Mad love

The mind est un jeu détonnant. On connaissait déjà les jeux à communication limitée avant son apparition hallucinante, grâce notamment à l’ardu Hanabi. Voila que nous pénétrons maintenant dans le domaine de la… télépathie? Le débat est d’ailleurs assez mouvementé. The mind est-il vraiment un jeu ou un simple délire ? Les esprits s’échauffent à la mention de cette étrange proposition. Mais the Mind n’est pas le sujet des quelques paragraphes qui suivent. The mind est une excuse, un prétexte, un appât, une occasion rêvée de mentionner un autre titre qui s’aventure dans les landes déroutantes du silence coopératif.

La même année a en effet vu naitre chez un obscur éditeur aux propositions visuelles fantasmabuleuses Mad Love, une odyssée lovecraftienne psychotique muette pour strictement deux joueurs / joueuses. Les 18 cartes qui constituent l’entièreté de ce jeu sont encore disponibles sur sa page de socio-financement. Les verso ne sont pas inclus dans les fichiers offert. Il n’est pas spécialement nécessaire d’en customiser pour l’occasion mais avec 18 cartes qui vont passer une majorité de leur temps face cachée, un supplément de fioritures visuelles n’est ni de trop ni insurmontable à produire.[1] Attention toutefois à leur parfaite neutralité, il ne faut (encore plus que d’habitude) pas pouvoir les distinguer les uns des autres. Enfin, il vous faudra deux marqueurs ou, si vous êtes de ce camp là, deux trombones. La plus grande tragédie de ce jeu se dévoile immédiatement. Les fichiers ne sont en effet disponibles qu’en noir et blanc, nous privant ce faisant de couleurs vives qui démultiplient l’agréabilité visuelle d’illustrations à la Mignola déjà très impactantes.

Mad love retrace le parcours chaotique et mutique de deux archéologues coincés dans un plan d’existence supérieur constitué des hallucinations oniriques typiques de l’auteur du Mythe de Cthulhu. Il leur faut se retrouver l’un l’autre puis s’échapper (atteindre un score d’Amour suffisant) avant de sombrer dans la folie la plus pure (atteindre un score de Folie aggravant).

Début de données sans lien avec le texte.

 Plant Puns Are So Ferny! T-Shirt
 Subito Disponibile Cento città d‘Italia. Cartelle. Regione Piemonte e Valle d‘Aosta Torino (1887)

On place entre les deux participant·e·s 4 cartes faces cachées en carré de 2×2 appelé dreamscape (plan des rêves). Le ou la premier·e à jouer se saisit de deux cartes qui constitueront sa main et d’une pile de pioche de 9 cartes. La seconde personne récupère aussi 9 cartes dans lesquelles piocher mais ne prend qu’une seule carte dans sa main de départ.

Un tour de jeu n’est composé que d’une seule action mais au combien cruciale: le joueur ou la joueuse active doit prendre la carte la plus ancienne de sa main et l’intégrer (toujours face cachée) au plan des rêves (le carré de 2×2) à la manière du jeu de plateau antique labyrinthe : en faisant coulisser une colonne ou une rangée de façon à évincer la carte opposée.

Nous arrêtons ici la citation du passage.